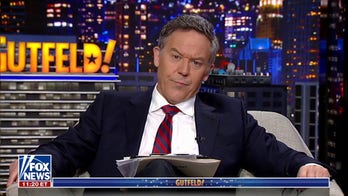 Gutfeld: The Dems are becoming the party of the elite
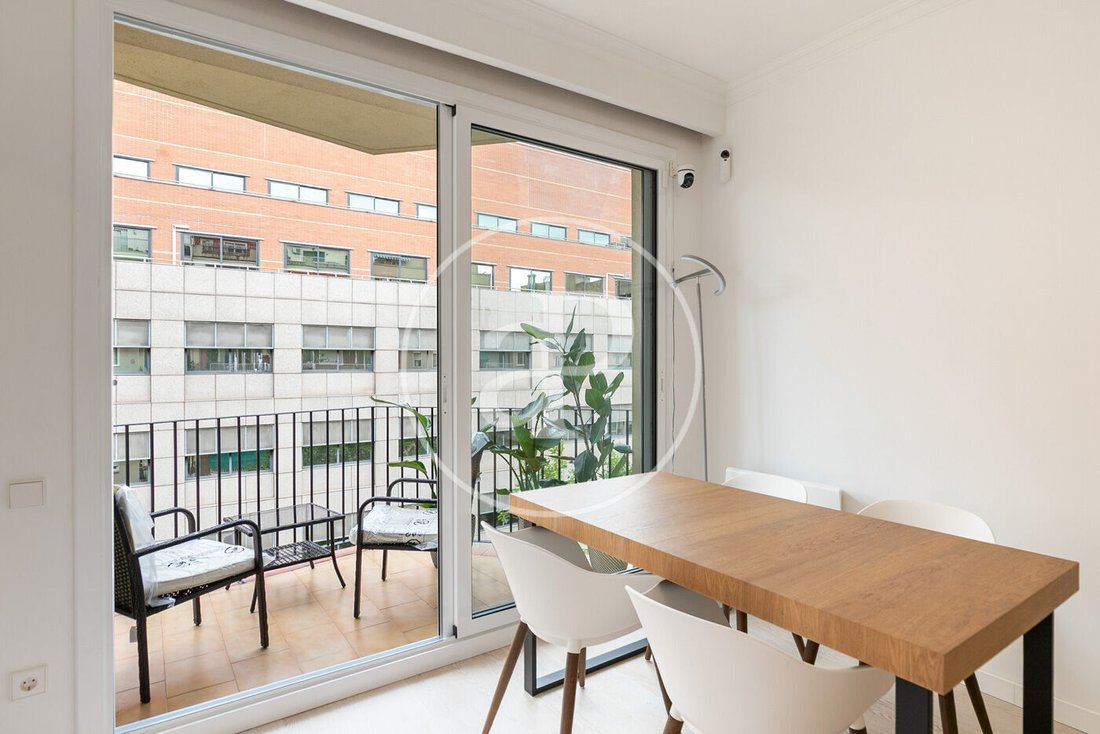 Apartment in Eixample, Barcelona, Spain 4 - 16029767
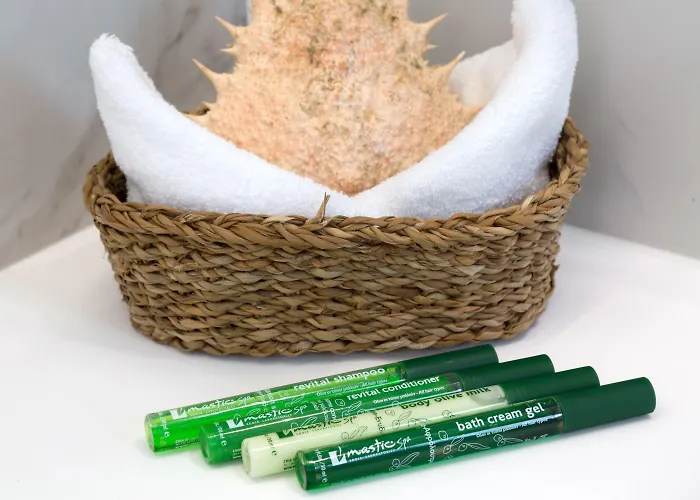 Готель White Pearls Luxury - Adults Only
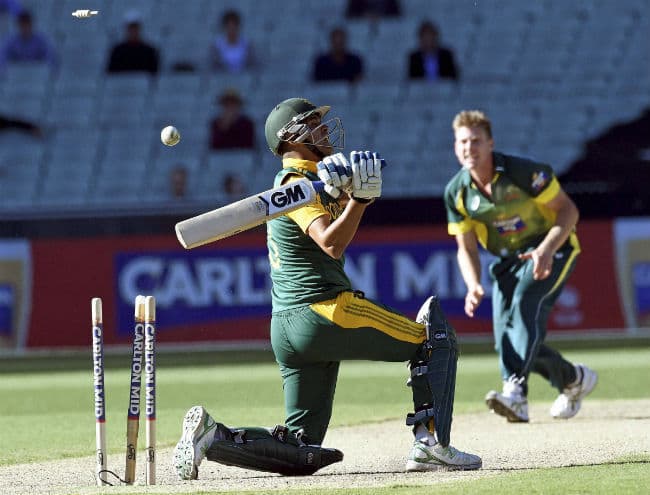 स्मिथ का शतक, ऑस्ट्रेलिया ने श्रृंखला जीती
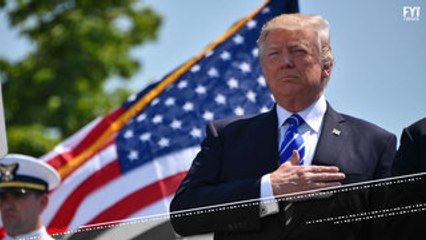 Trump's Presidential Struggles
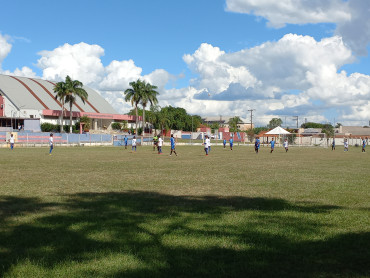 Foto 221: CAQ sagrou-se vice-campeão na categoria 2014 da Copa Mercosul  2026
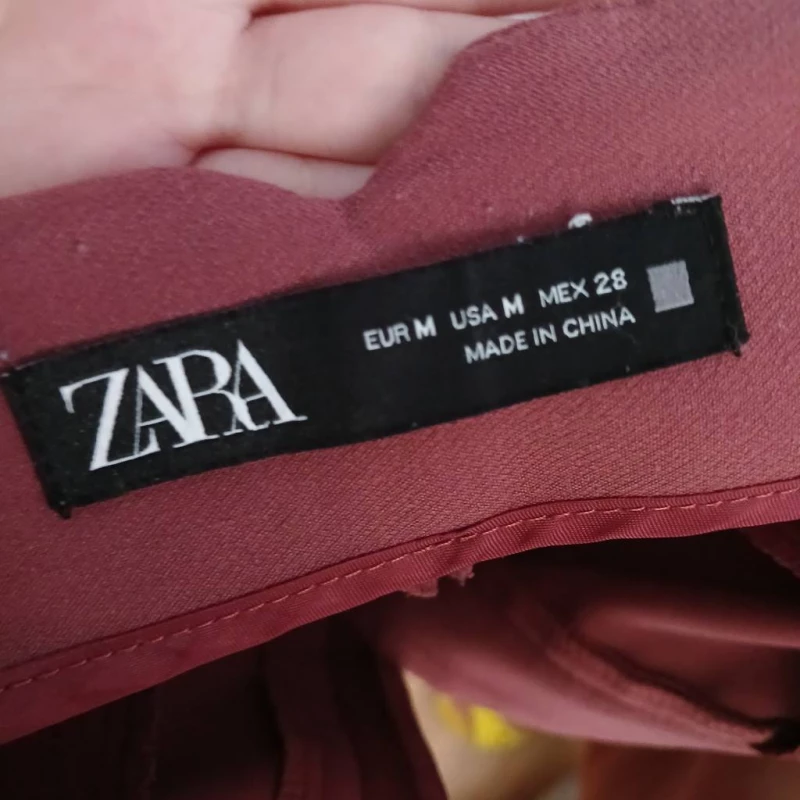 Штани Zara, Кривий Ріг — 2/4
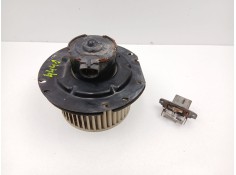 Recambio de motor calefaccion para ford explorer 4.0 g -x (4.0l) referencia OEM IAM F87H19805BA  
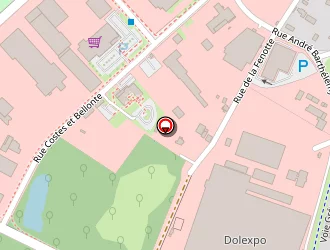 Carte de Médiathèque à Dole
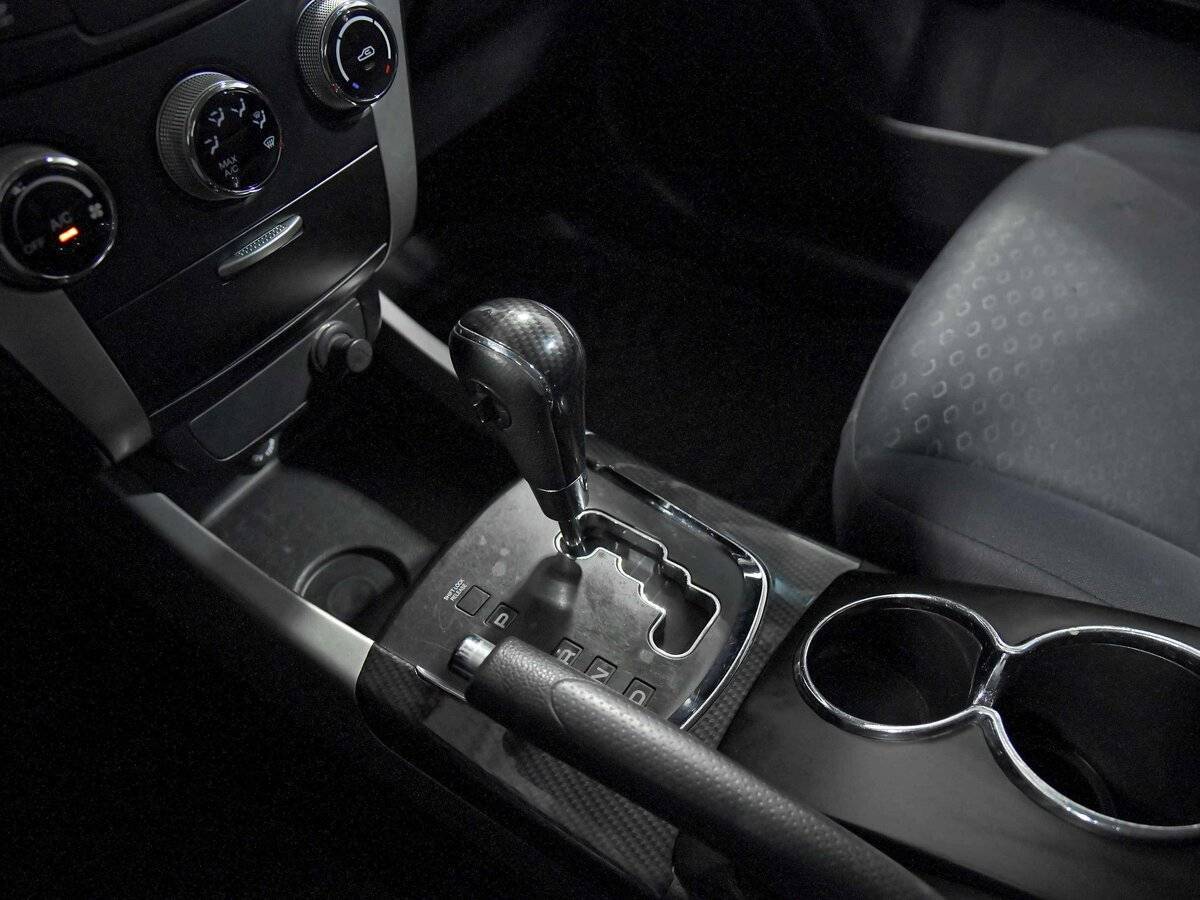 Купить SsangYong Actyon, 2012, 160 000 км.. Фото: #10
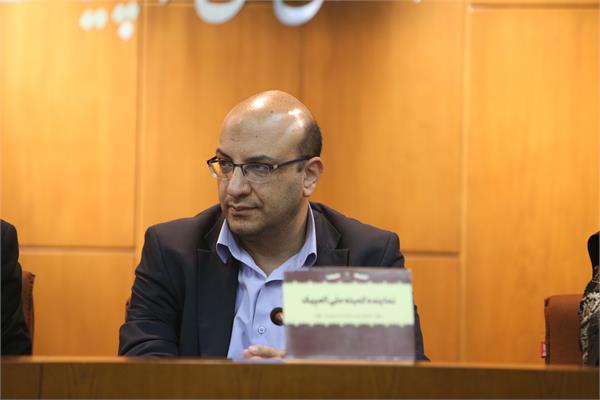 مجمع سالانه فدراسیون ژیمناستیک (24 فروردین 1404)  44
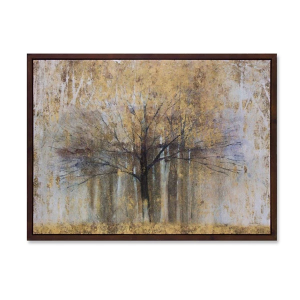 Melrose International 23.75"H Landscape Canvas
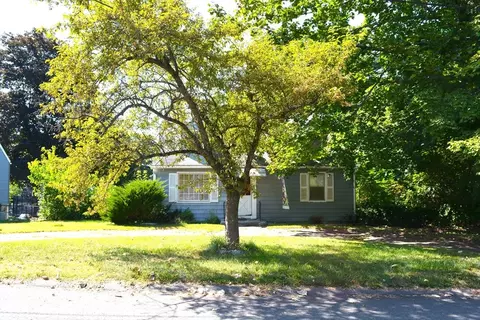 18 Lotus Ave, West Springfield, MA 01089
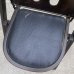 画像7: VINTAGE ANTIQUE SOLID KUMFORT FOLDING CHAIR ヴィンテージ アンティーク フォールディングチェア 折り畳み椅子 / インダストリアル ウッド 木製 家具 店舗 什器 アメリカ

______________________________

The problem: What you should repeat exactly is the run of lines from the top of the listing above through the line with "Купить SsangYong Actyon, 2012, 160", without pictures.

Solution:
 Gutfeld: The Dems are becoming the party of the elite
 Apartment in Eixample, Barcelona, Spain 4 - 16029767
 Готель White Pearls Luxury - Adults Only
 स्मिथ का शतक, ऑस्ट्रेलिया ने श्रृंखला जीती
 Trump's Presidential Struggles
 Foto 221: CAQ sagrou-se vice-campeão na categoria 2014 da Copa Mercosul  2026
 Штани Zara, Кривий Ріг — 2/4
 Recambio de motor calefaccion para ford explorer 4.0 g -x (4.0l) referencia OEM IAM F87H19805BA  
 Carte de Médiathèque à Dole
 Купить SsangYong Actyon, 2012, 160 000 км.. Фото: #10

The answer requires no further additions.